Dilma, a madrugada avança e eu, que tão pouco durmo, já deveria estar no terceiro sono. Mas resolvi ter essa conversa redacional com você e lhe fazer um alerta. Na posição em que você se encontra atualmente, mesmo que errando mais do que acertando, não permita que um “rola-bosta”, não o escaravelho, seja o irresponsável por um blog que, com o seu consentimento, foi batizado com o seu nome. A continuar assim, a profecia de Lula sobre a sua reeleição pode acabar como refeição de escaravelho. O pior nessa epopeia, que mescla sorte com fezes, é que o seu “rola-bosta” é covarde. Ofendeu por escrito a blogueira desafeta de Fidel, mas por covardia explicita apagou a ofensa.

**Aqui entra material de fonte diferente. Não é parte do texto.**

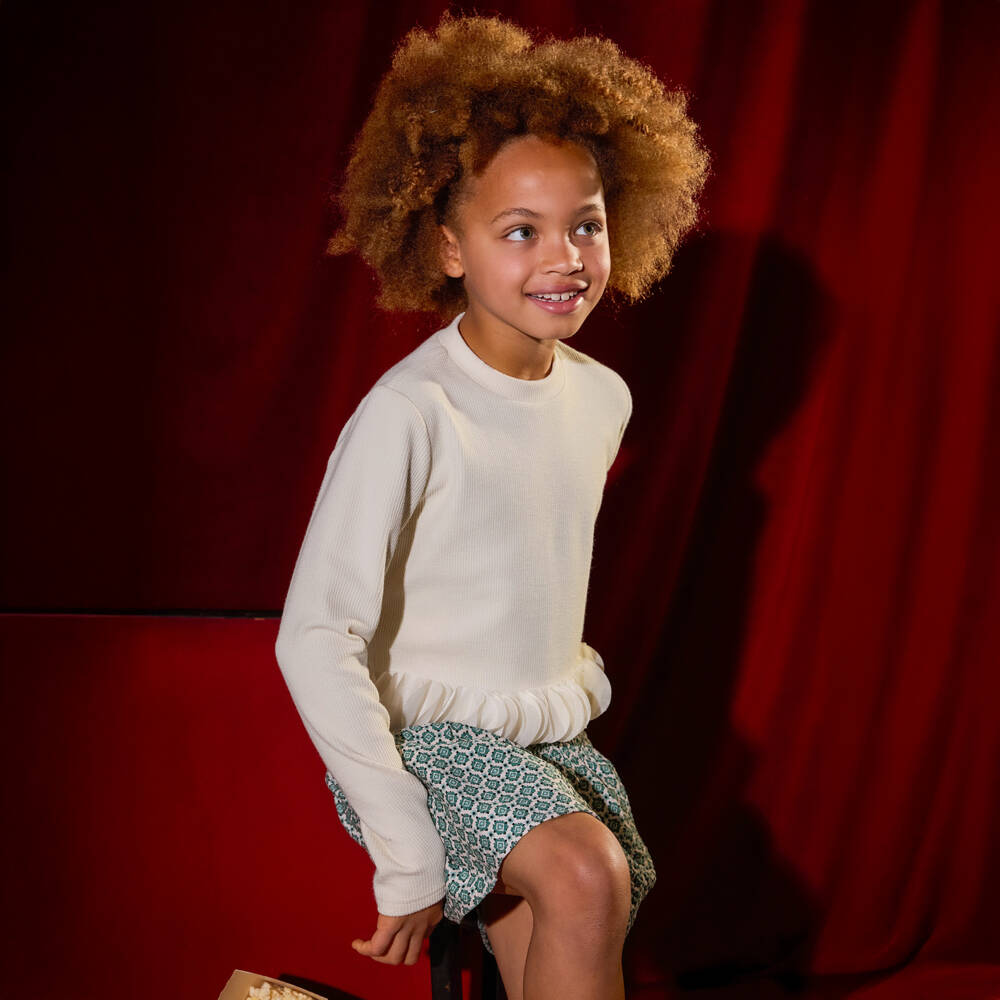 Mayoral-Girls Ivory Ribbed Jersey Top with Fancy Petal Trim | Childrensalon Outlet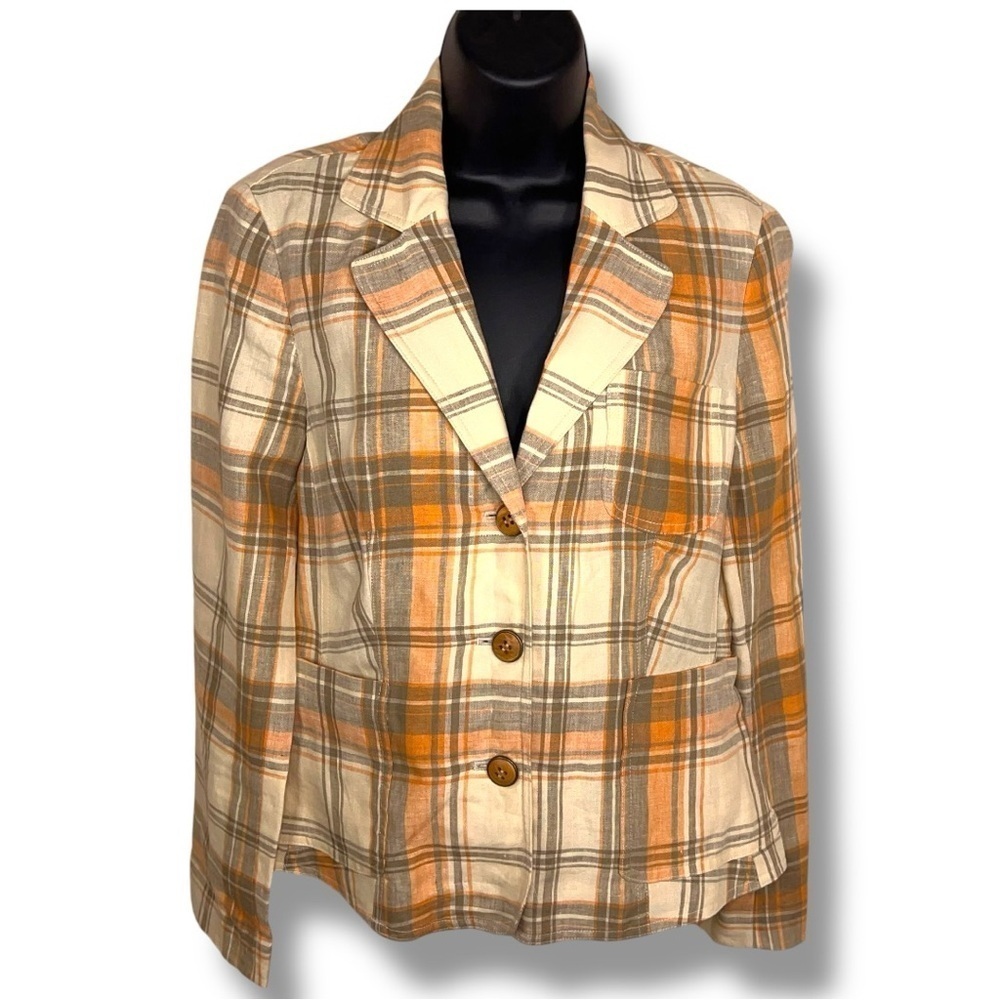Size 6 Petite Kasper Linen Plaid Blazer Yellow Orange Brown Button Front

Coisa de rola-bosta!
Sendo assim, finalmente, mas não que isso signifique o fim, agradeço pela inspiração que seus genuflexos “rola-bostas” de plantão em mim despertaram. E PT saudações, sempre lembrando que à sua volta há um séquito de escaravelhos. São inofensivos, não mordem, mas o prato predileto deles exala o insuportável olor da política. Em caso de perigo, acione seu protetor, Lula, pois ele sabe como alimentar os bichinhos.